→ **INPUT FOR THIS TASK**:
= = =
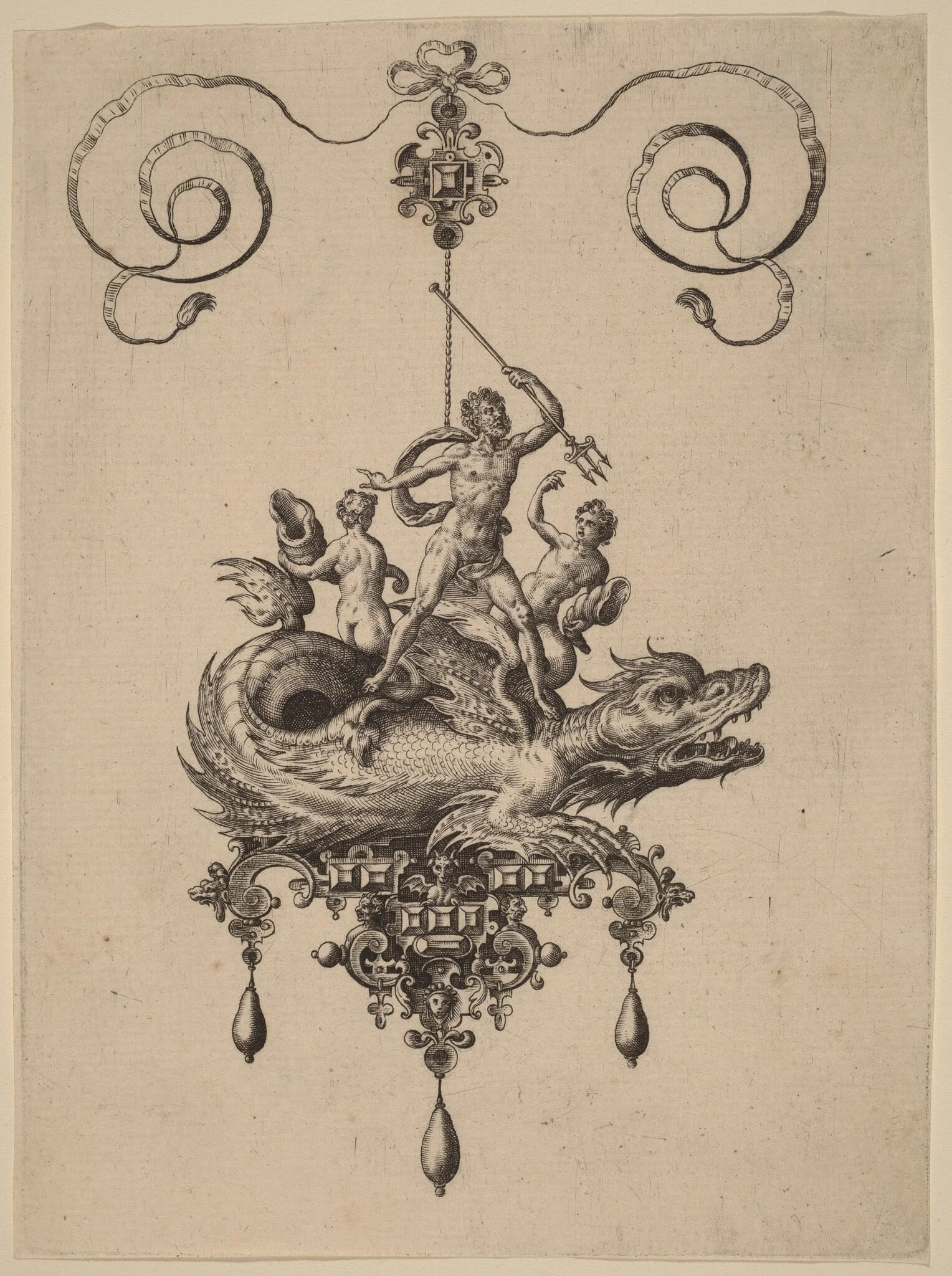 Design for a Pendant with a Sea-Monster Carrying Neptune Flanked by Two Figures, detail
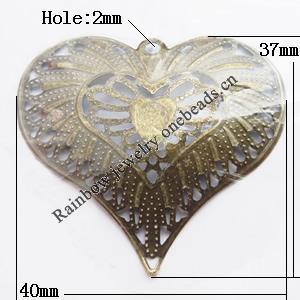 Iron Jewelry finding Connectors/links Pb-free, Heart 40x37mm Hole:2mm, Sold by Bag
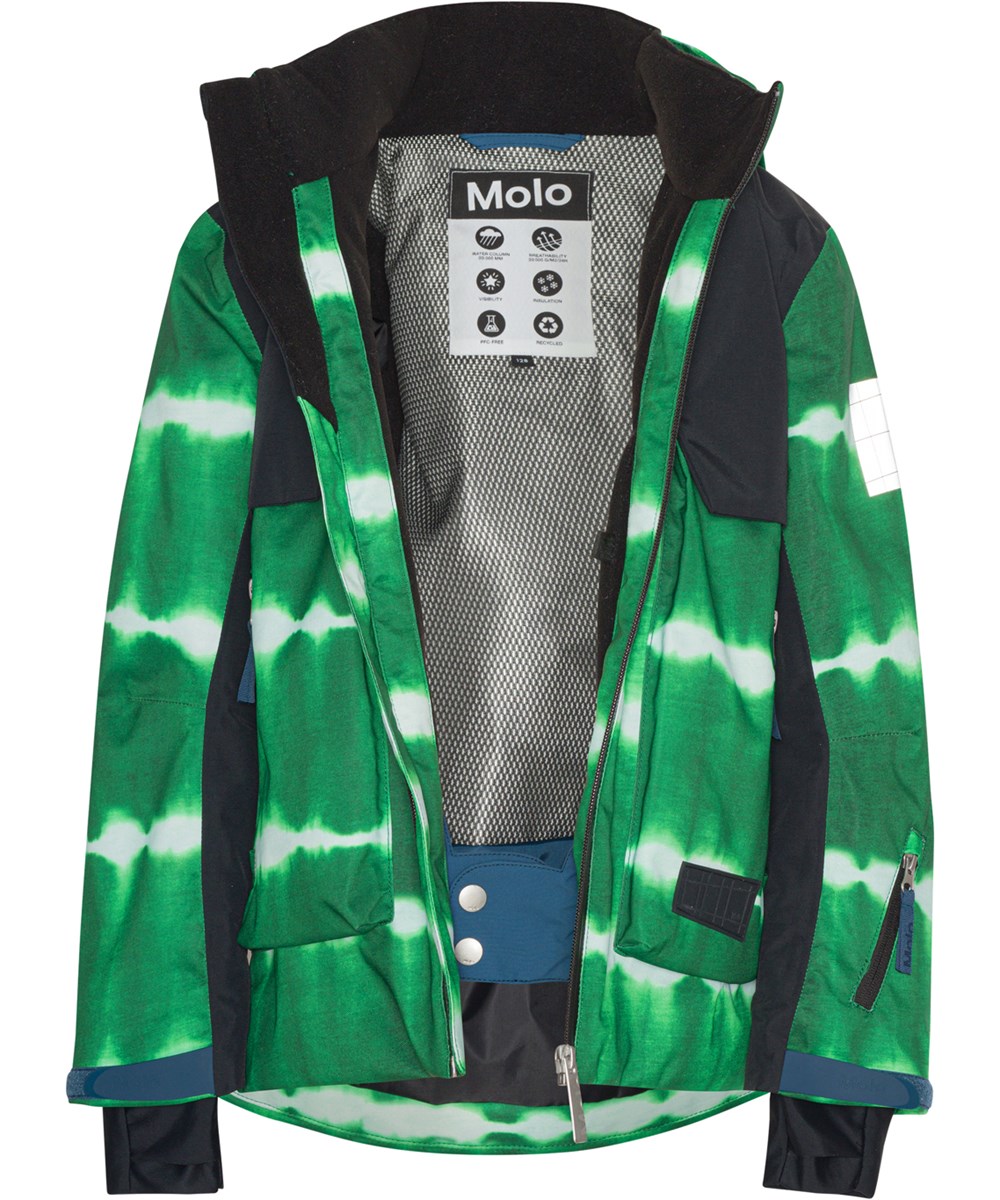 Alpine - Tie Dye Green - Recycled ski jacket with green tie-dye stripes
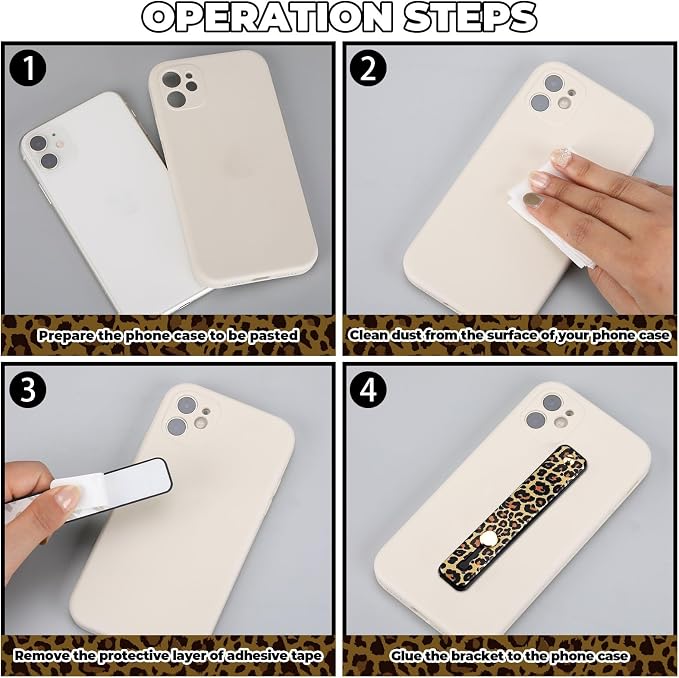 Weewooday 6 Pieces Phone Grip Holder Cell Phone Grip Strap Telescopic Finger Strap Stand Universal Finger Kickstand for Most Smartphones(Leopard Print)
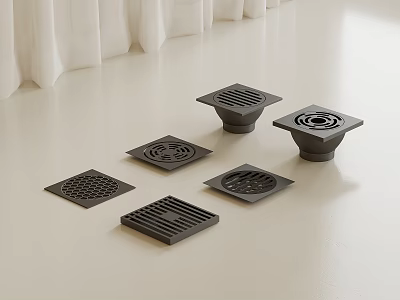 Contemporary Bathroom Floor Drains Featuring Different Square Designs And Grid Patterns 3d model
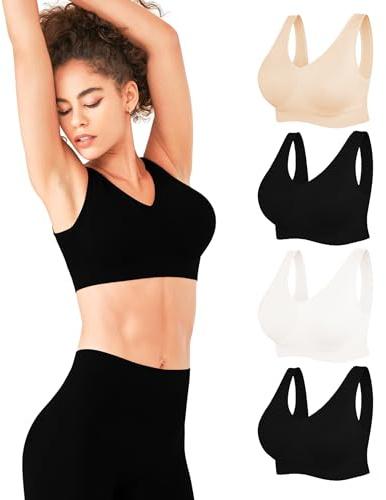 FP DE POWER FLOWER 4-pack bekväm sport-bh sömlös yoga-bh för kvinnor med avtagbar S–XXXL, 3388-combo1, S-M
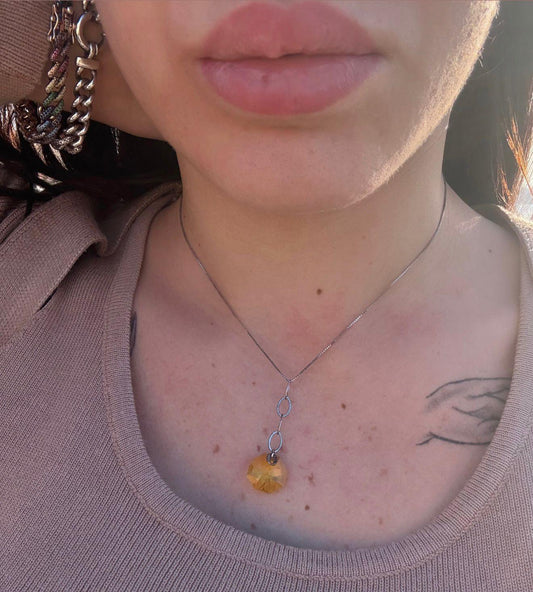 Collana in argento 925 pietra verde oliva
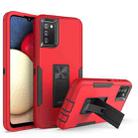 For Samsung Galaxy A02s Magnetic Holder Phone Case(Red + Black) - 1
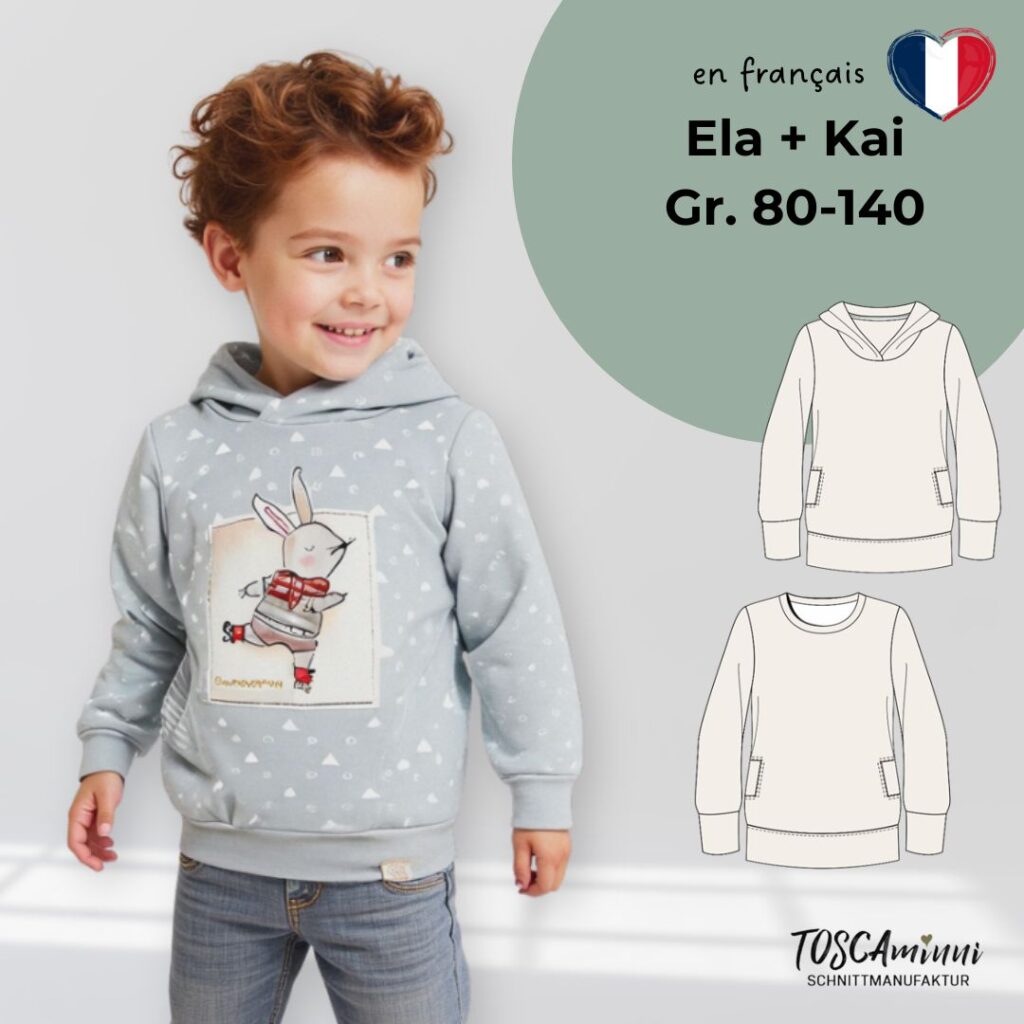Patron sweat enfant hoodie avec capuche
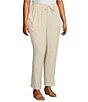 Color:Flax - Image 3 - Plus Size Textured Linen Blend Drawstring Waist Pull-On Pants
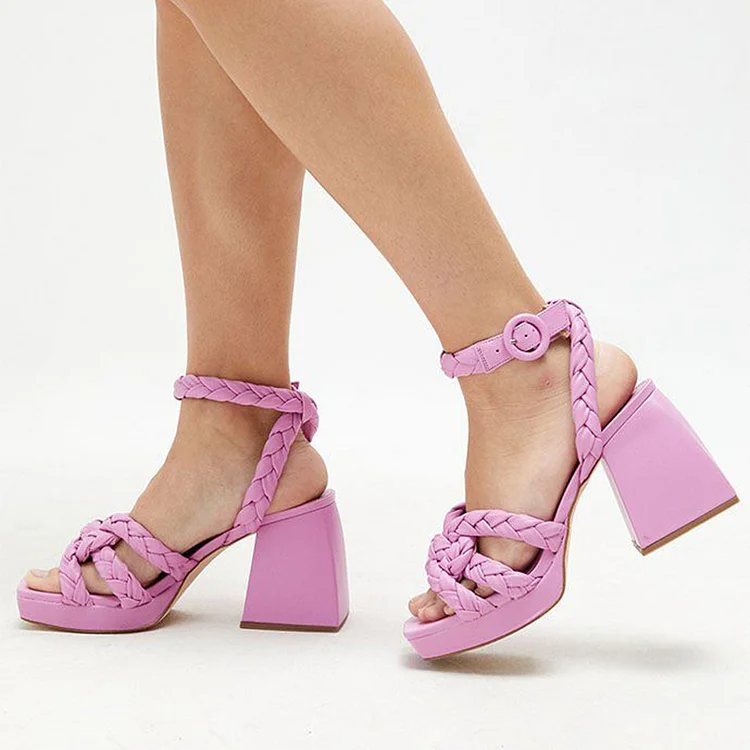 Classic Braided Square Toe Platform Chunky Heel Sandals Vdcoo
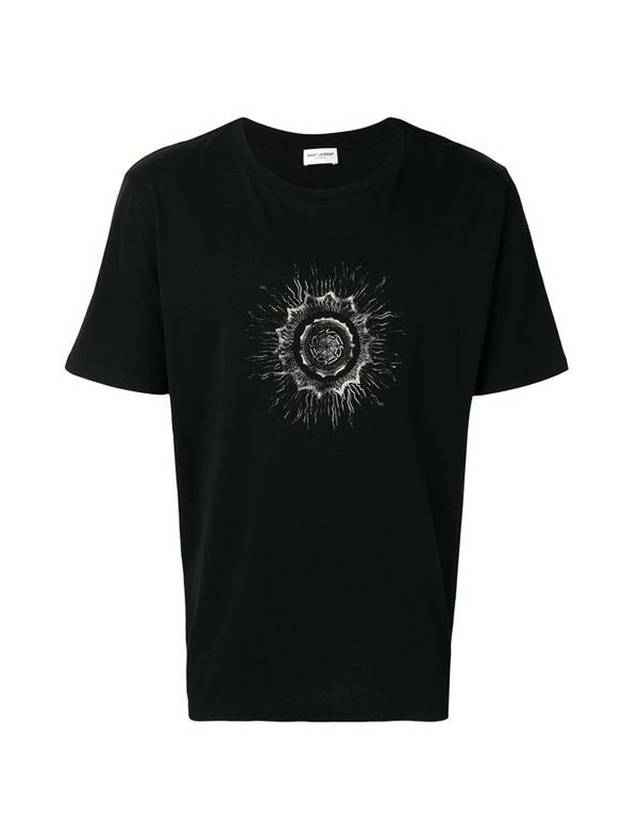 Luxury Saint Laurent Graphic Logo Print Short Sleeve T-Shirt Black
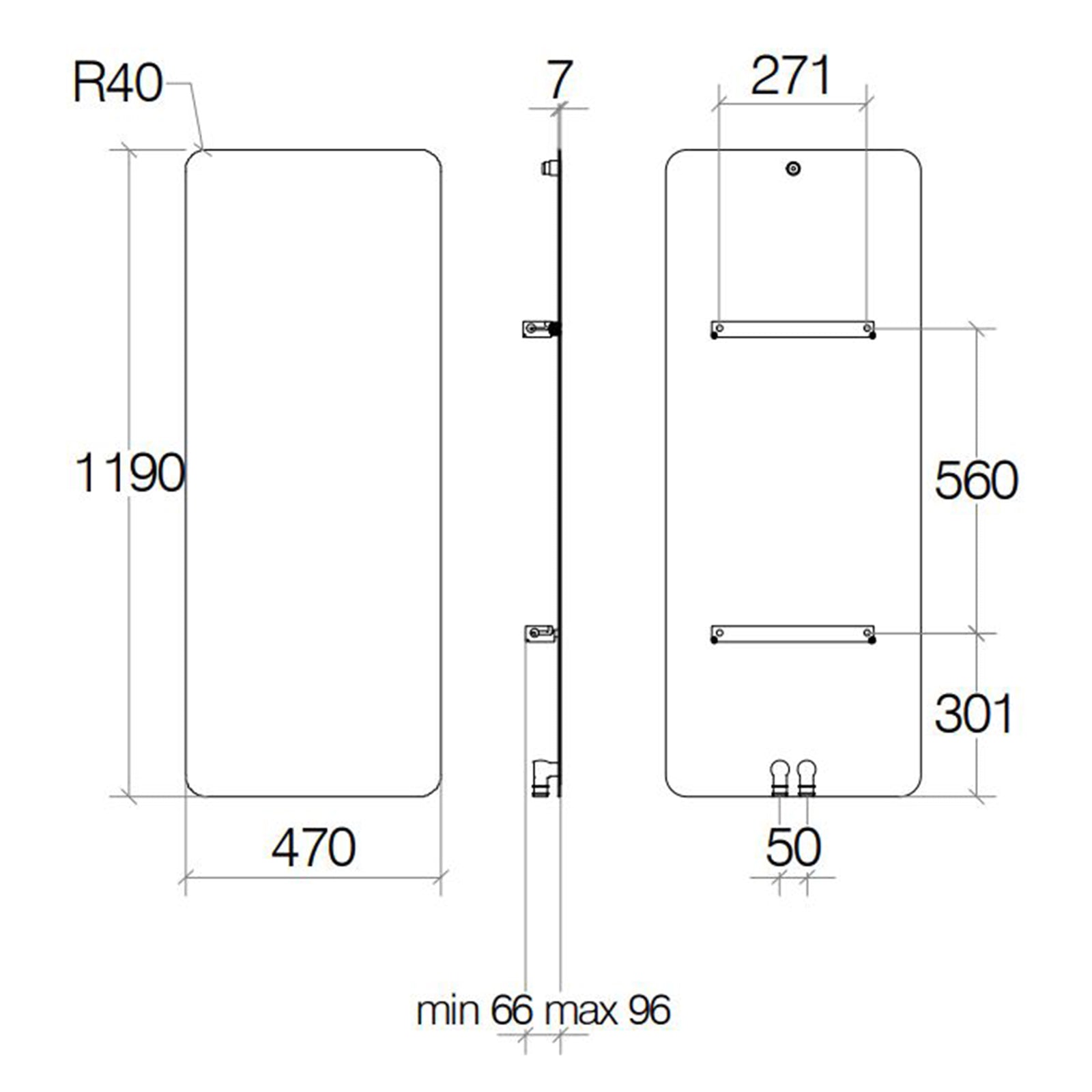 Termoarredo idraulico 662 Watt a muro in acciaio al carbonio collezione Caligo di Lineabeta colore antracite cm 47x119 by CeramicStore | Lo specialista del tuo bagno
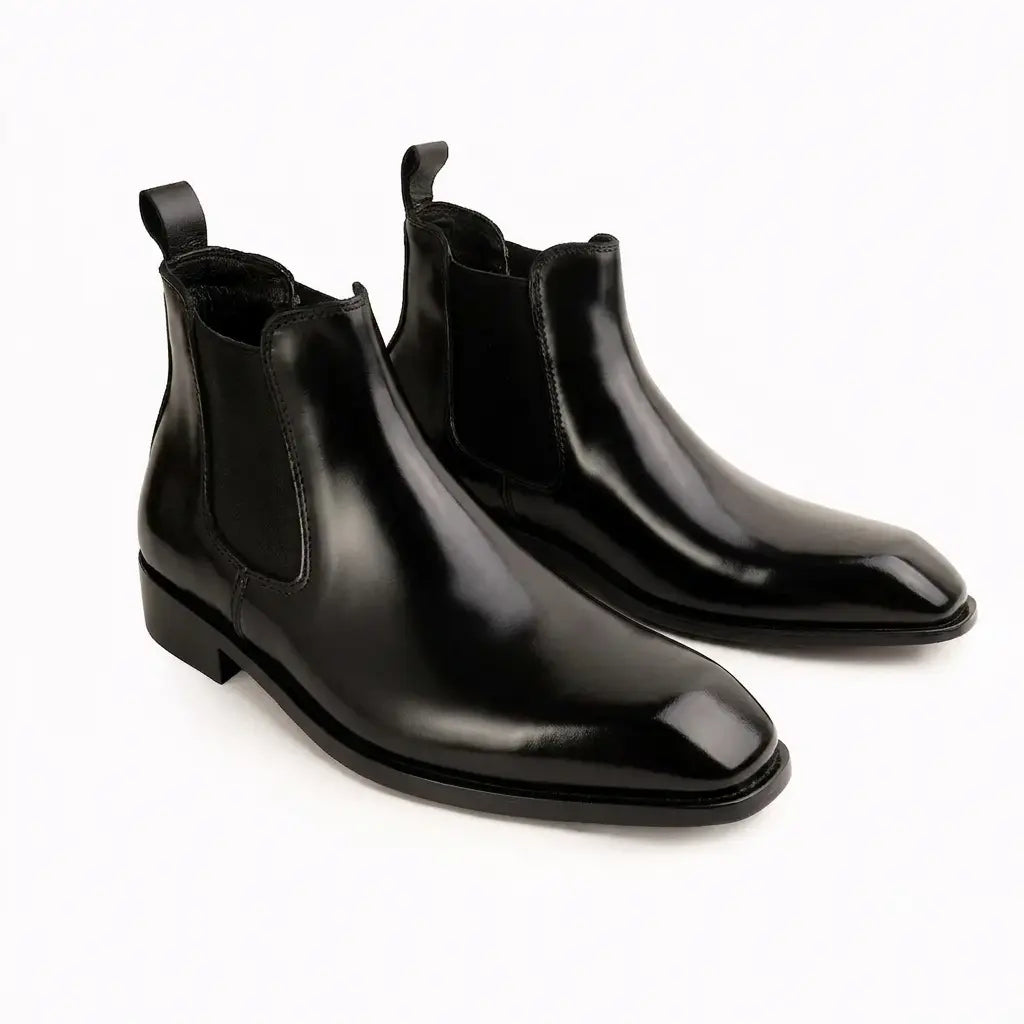 Italian Cut Down Toe Leather Chelsea - Black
= = =
→ **TASK GOAL**: Above are some records. Reproduce the lines from the one with "Patron sweat enfant hoodie avec capuche" down to the one with "Luxury Saint Laurent", keeping both, and leave every picture out.

→ **ANSWER BELOW**:
Patron sweat enfant hoodie avec capuche
 Color:Flax - Image 3 - Plus Size Textured Linen Blend Drawstring Waist Pull-On Pants
 Classic Braided Square Toe Platform Chunky Heel Sandals Vdcoo
 Luxury Saint Laurent Graphic Logo Print Short Sleeve T-Shirt Black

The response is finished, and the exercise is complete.